▶ **Instructions to follow**
The answer is all of the data repeated exactly, with each picture omitted.

▶ **Input data**
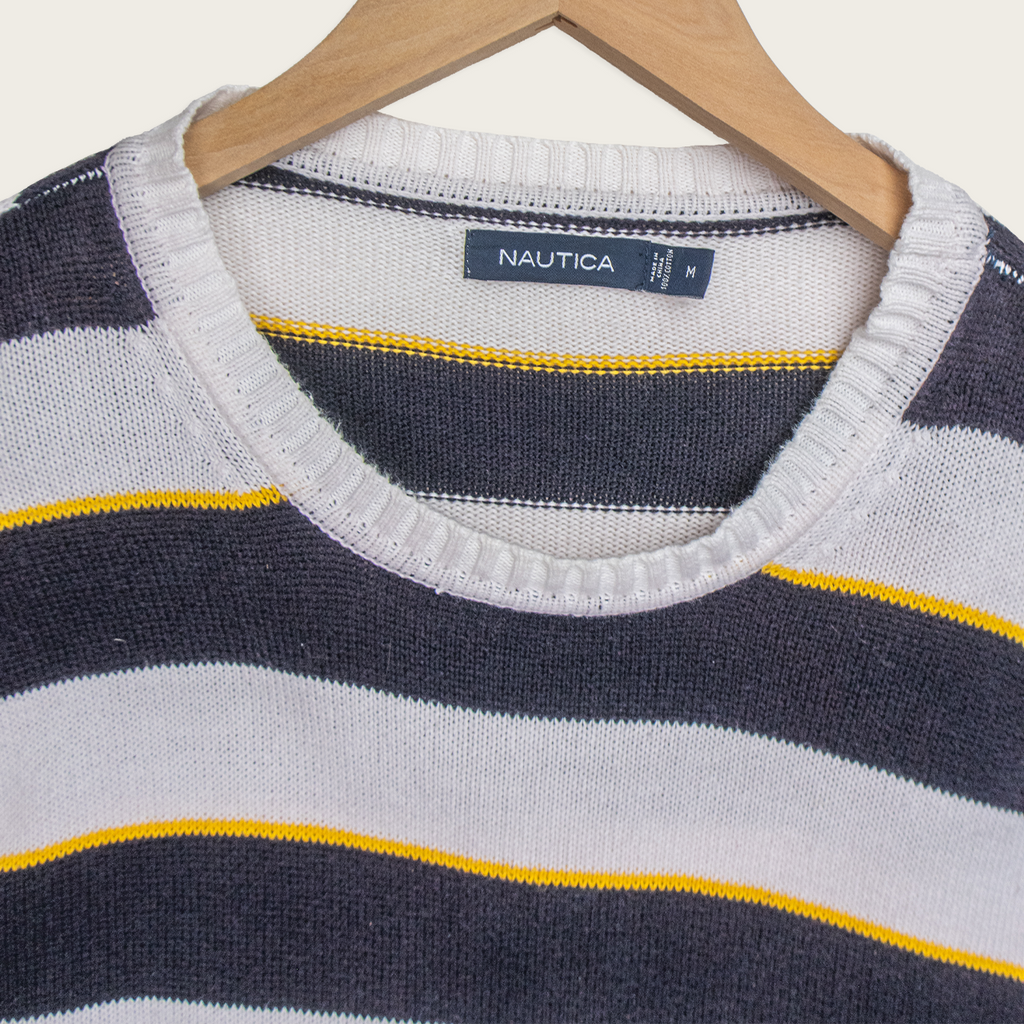 Nautica Knitted Crewneck Sweater - M/L
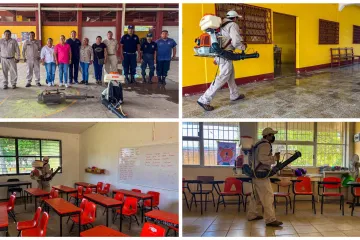 Gobierno de Juchitán realiza jornada de fumigación 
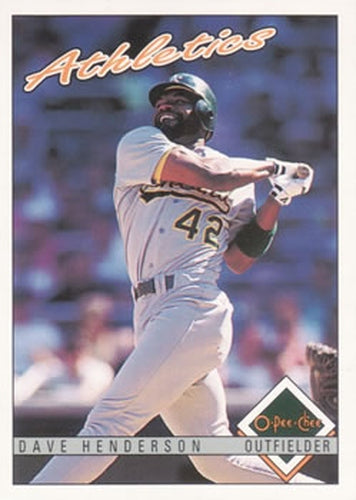#155 Dave Henderson - Oakland Athletics - 1993 O-Pee-Chee Baseball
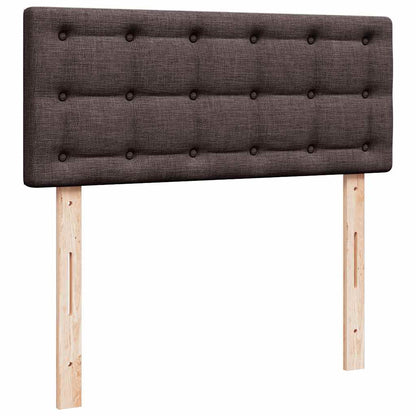 vidaXL Ottoman-Bett mit Matratze & LEDs Dunkelbraun 120x190 cm Stoff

▶ **Result for this exercise**
 Nautica Knitted Crewneck Sweater - M/L
 Gobierno de Juchitán realiza jornada de fumigación 
#155 Dave Henderson - Oakland Athletics - 1993 O-Pee-Chee Baseball
 vidaXL Ottoman-Bett mit Matratze & LEDs Dunkelbraun 120x190 cm Stoff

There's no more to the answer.